Peat & Pearls: A Tribute to the Gulf's Pretty & Gritty

As I begin this post, I am revisiting personal pastimes of long, sticky drives down south with my family, and the changing smells from oak to native pine, to dewy marshes and mangroves. The Florida panhandle holds an abundance of my childhood memories. Winters were spent on my Grandparents' farm in Quincy, Florida, and I have raucous recollections of hopping hay bails, hunting for treasures in old barns, and slipping delicately through barbed wire fences to spook neighboring cows.

Whenever my parents had more vacation days and patience to spare, we hit the road to Apalachicola, Panama City, or Pensacola. As a child, the crisp white, sandy beaches and emerald hues of the Gulf were all I ever imagined heaven would be like.

My Grandparents' house and younger sister. :)

Despite the environmental setbacks of the Gulf in recent years, the resilience and perseverance of the people and coastlines there amazes me, which is why meeting someone like Terry Strickland is so special. His dedication to gathering people together in a meaningful, unique way to promote Gulf oysters has got me on the edge of my seat.

And so... I am aching for October 4-7th in Pensacola to come faster, but before that, there is a story to tell on how this came to be. Peat & Pearls is a highly anticipated week for celebrating the Gulf's most sensational farm-raised oysters, along with some of our favorite vices (think a scotch, a cigar, and a scene from Peaky Blinders). Everyone who grows an oyster, serves an oyster, or just plain loves an oyster should be there to join in a massive advocacy for the Gulf revolution.

Terry is the brainchild behind this, and so I was lucky enough to chase him down to share his personal journey and glean the inspiration behind Peat & Pearls. There's more, too. Below, Terry gives us a few highlights for the week that have some of us VERY OYSTERY EXCITED.

Source for this photo and cover: Steven Gray Photography

Virginia: Terry, may you share with us how your own life experiences contributed to your passion for starting Peat & Pearls?

Terry: I grew up on the Gulf Coast, so seafood has always been close to my heart. That said, I really didn't get invested in oysters professionally until after 2010. I'm a journalist by training and spent some years working in newspapers in the Midwest. After the oil spill, I moved back to my hometown of Pensacola, Florida, and began focusing on the working waterfronts of the Gulf Coast.

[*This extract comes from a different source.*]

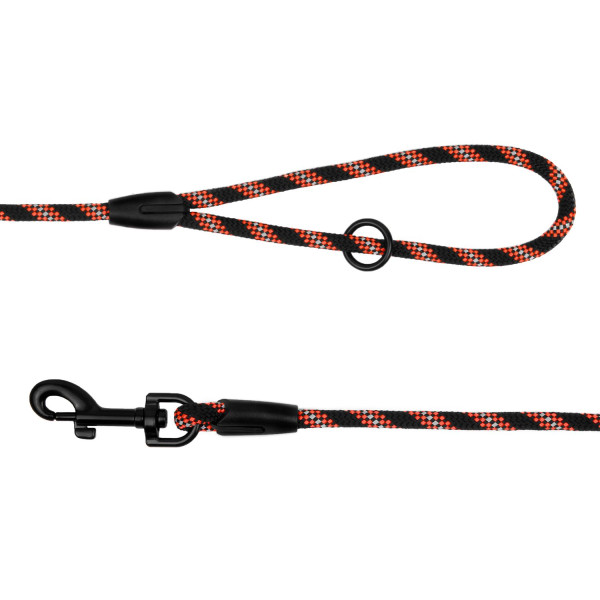 Повідець для Собак Bronzedog Active з Альпіністського Шнура Світловідбиваючий Чорно-Помаранчевий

In my reporting, I spent a lot of time documenting the decline of wild oyster fisheries in traditional seafood communities like Bayou La Batre, Alabama, and Apalachicola, Florida. Those were tragic stories to tell, involving not only lost livelihoods, but an endangered way of life. At the same time I was reporting these stories, I was also hearing rumors of an oyster revival. This movement was fueled by new aquaculture techniques, but also by a quickening desire among Southern consumers to draw closer to the sources of their sustenance.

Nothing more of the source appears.